Our boss clasped his hands together, my gaze bouncing between him and the screen. “I am pleased to announce that Aaron Blackford will be promoted to head of the Solutions Division of InTech.” Jeff’s words entered my ears, traveling all the way to my head, where they seemed to bounce from one wall to the next, unable to be processed by my brain. “Aaron has been one of the most consistent and efficient members I have ever had the pleasure to oversee, and he has proven himself worthy for this promotion time and time again. So, I have no doubt in my mind that he will do an amazing job as head of the division.”

Everybody had been shocked into silence. Just like me.

“It hasn’t been decided when he’ll take over all my responsibilities while I undertake a more advisory role for InTech, but I wanted to give you—the Solutions family—the news first. Even if it hasn’t been officially announced yet.”

Jeff continued talking then, probably going through whatever was in the agenda of the Breakfast & Broadcast next. Or maybe not—I didn’t know. I wasn’t listening. I couldn’t when his announcement was the only thing spinning in my head.

Aaron Blackford will be my boss.

My gaze shot to Aaron, who was leaning back in his chair. His gaze kept fixated somewhere in front of him, his expression impassive. Even more than usual.

There was a pause and some clapping. To which my hands joined in automatically.

Aaron Blackford will be promoted to head of the division, and I just went on a date with him. A fake date but one to anyone looking.

For an instant, I was hurled back in time. To a past I had left behind and did not want to remember. Or relive ever again.

Shaking my head, I tried to appease the whirlwind of unwelcome memories. No, I wouldn’t think of that right now, not in front of everyone.

My gaze, which was still latched on to Aaron, studied his vacant expression.

This changed everything. Whatever was … between us.

It no longer mattered that he was my only option. It didn’t matter anymore that no one in Spain would believe we were dating because we bickered and argued constantly. It did not matter that he had confessed he never wanted to be my friend and that I didn’t know where that left us.

None of that mattered because, now, the deal was off. It had to be off.

I would not play charades with the man who was to be promoted to head of my division. My boss.
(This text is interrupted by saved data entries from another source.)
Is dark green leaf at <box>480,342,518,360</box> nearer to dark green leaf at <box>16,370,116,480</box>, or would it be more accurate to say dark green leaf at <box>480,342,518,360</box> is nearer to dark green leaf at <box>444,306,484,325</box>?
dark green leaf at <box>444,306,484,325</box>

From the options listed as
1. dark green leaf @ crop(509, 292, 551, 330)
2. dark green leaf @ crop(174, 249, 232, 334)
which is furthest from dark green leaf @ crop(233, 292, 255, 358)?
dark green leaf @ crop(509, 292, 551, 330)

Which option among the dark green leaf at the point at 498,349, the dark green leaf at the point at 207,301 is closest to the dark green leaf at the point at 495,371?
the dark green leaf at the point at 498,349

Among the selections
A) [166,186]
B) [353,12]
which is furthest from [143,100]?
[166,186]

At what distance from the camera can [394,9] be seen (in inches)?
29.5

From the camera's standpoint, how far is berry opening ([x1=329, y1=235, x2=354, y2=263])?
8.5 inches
There was no way I’d put myself in a situation I had already been in, which had ended up so badly. For me. Only for me. So, even if all of it would be fake—had been fake last Saturday—I simply would not risk it.
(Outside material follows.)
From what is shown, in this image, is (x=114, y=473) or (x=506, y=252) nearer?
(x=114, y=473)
The screeching of chairs brought me back to the room. I watched everyone swiftly stand up and scatter, Aaron included.

I met Rosie’s gaze, gaping green eyes framed by dark curls.

Holy shit, my friend mouthed.

Holy shit indeed.

And she didn’t even know all of it yet.

I caught a glimpse of Aaron’s back somewhere behind Rosie, and a resolution that hadn’t been there a moment ago solidified in my mind. Mamá had taught me better than to leave things hanging over my head. Ignoring and waiting for them to go away on their own wasn’t the smart thing to do. Because they didn’t. Sooner or later—and just when you least expected them to—they’d fall off right on top of you, and chances were, they’d take you down with them if you let them.

With newfound determination driving my body, I waved at Rosie and let my legs walk me out of the meeting room. My short limbs were on a mission, trying to catch up with the long strides of the man I was chasing.

In the matter of a couple of minutes, which wasn’t long but about enough for my heart to start racing with a weird and strange anticipation, he reached his office. I entered only a few steps behind him.